Archive for the ‘Linguistics’ category

Autoglosser2 released

February 2nd, 2018

During 2009-11 I wrote the Bangor Autoglosser to gloss the Bangor ESRC corpora of multilingual (Welsh, Spanish, English) conversational text. I’ve done a new version, Autoglosser2, that focusses on Welsh written text, and outputs CorCenCC tags as well as Bangor-type glosses. Speed has been greatly increased too, from 1,000 to 22,000 glossses/minute. You can test it online, but for detailed work it’s better to download and install locally. There’s also a detailed manual available. Lots of work to do on it still, but it’s pretty robust, and gives reasonably good results.

Article on typesetting pitch in LaTeX

November 3rd, 2015

I should have mentioned earlier, but the 2013 article I published in TUGboat is now freely available after the subscriber purdah period. The article shows how most pitch-related markings can be represented in LaTeX.

Note that Mark Wibrow’s excellent tikz-pitch-contour code is now located at GitHub, since Gitorious is no longer extant.

Autoglossing Gàidhlig

August 28th, 2013

Over the last month I’ve been wondering about how easy it would be to port the Autoglosser to some completely new language material. This would give me the opportunity to look at things like importing normal text instead of CHAT files, dealing with multiwords (collocations where the meaning of the whole is different from the combined meaning of the parts), better handling of capitalised items, etc. Eventually I decided to take the plunge with Gàidhlig (Scottish Gaelic), which I learnt 30 years ago in Sabhal Mòr Ostaig when it was still a collection of farm buildings ….

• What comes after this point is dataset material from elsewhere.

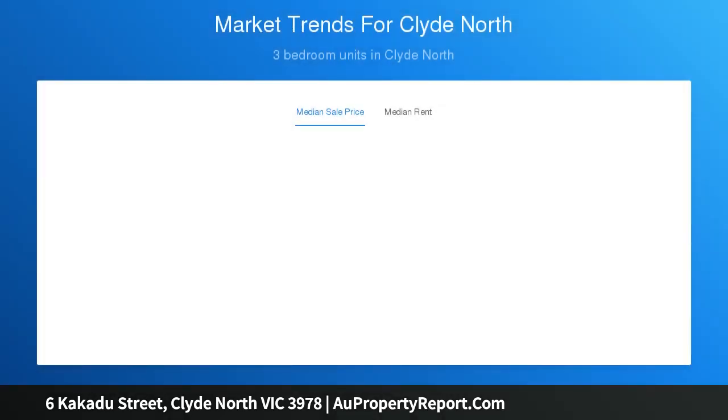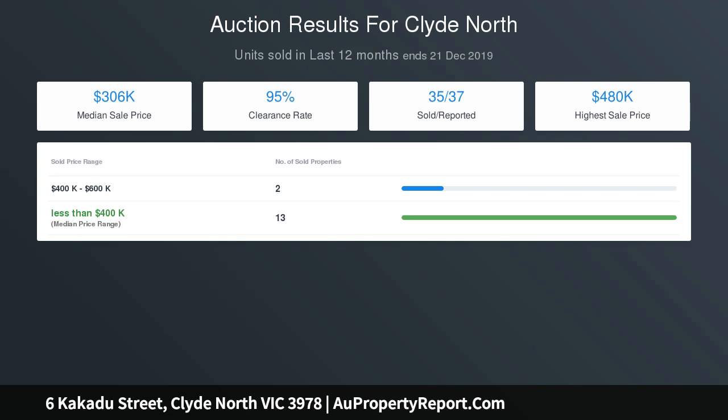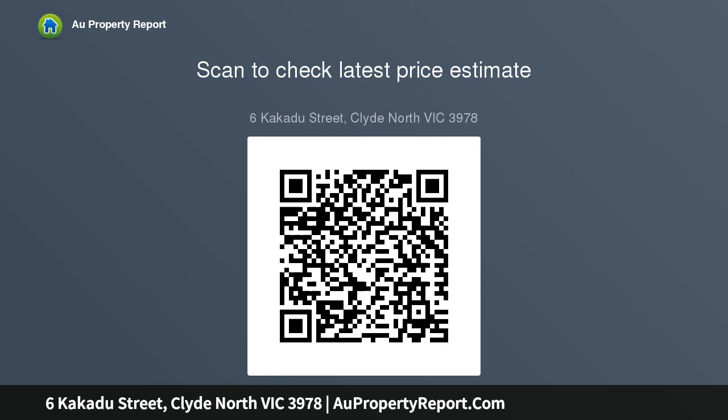Surrounded by quality homes, key attributes of the property include enviable inner urban convenience. It's walking distance to parkland, also close to eateries as well as easy access to freeways, major arterials and public transport. Just imagine the possibilities.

Surprisingly, once I had assembled a dictionary, the actual port took only a couple of days, and gives pretty good results, as you can see from the output at the website. There’s obviously a lot to be done yet – in particular, developing a stemmer to simplify the dictionary. Talking of which, I also put together a little TeX script which typesets the dictionary in the form I’ve always wanted: all words listed in alphabetical order, but with the lemma specified where they are derived forms, and also each derived word listed as part of the generating word/lemma’s own entry. Still needs a bit of work (it should be in two columns, for instance), but it shows that the dictionary layout is robust enough to give quite sophisticated output.

This port opens the way for more work on streamlining text consumption by the Autoglosser – at present, punctuation is not handled as well as I’d like. The multiword work is also a first step in allowing the handling of languages with disjunctive writing systems (eg Sotho).

Kynulliad3 released

July 3rd, 2013

I’ve just released Kynulliad3 – a corpus of aligned Welsh and English sentences, drawn from the Record of Proceedings of the Third Assembly (2007-2011) of the National Assembly for Wales. It contains over 350,000 sentences and almost 9m words in each language, and is a sort of sequel to Jones and Eisele‘s earlier PNAW corpus.

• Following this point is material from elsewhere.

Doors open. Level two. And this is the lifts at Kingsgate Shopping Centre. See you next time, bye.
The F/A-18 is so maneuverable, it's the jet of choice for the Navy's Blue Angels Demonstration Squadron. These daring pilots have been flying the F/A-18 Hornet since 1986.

Hopefully it will mean that all the great work done by the Assembly’s translators can be re-used for language processing research. And it also has practical benefits for language checking – if, for instance, you are translating “of almost” and wonder whether bron (almost) should have the usual soft-mutation after o (of), all you need to do is put “of almost” in the search box, and you have your answer!

Patagonia and Miami corpora complete!

July 27th, 2012

Phew! There was just no time for anything over the last 6 months but the Patagonia and Miami corpora, and they’ve now been completed on schedule and sent off to Talkbank. Kudos to Professor Margaret Deuchar and her team of researchers.

Patagonia (Welsh/Spanish) corpus main statistics:
150k words, 78% Welsh, 17% Spanish, 5% indeterminate

Miami (Spanish/English) corpus main statistics:
167k words, 63% English, 34% Spanish, 3% indeterminate

Apart from producing the glosses via the Autoglosser, I was involved in running a Git repository, translation and editing, silencing audiofiles for privacy purposes, tweaking the files to accommodate last-minute changes to the CLAN format, and doing a website for the corpora themselves – very interesting indeed.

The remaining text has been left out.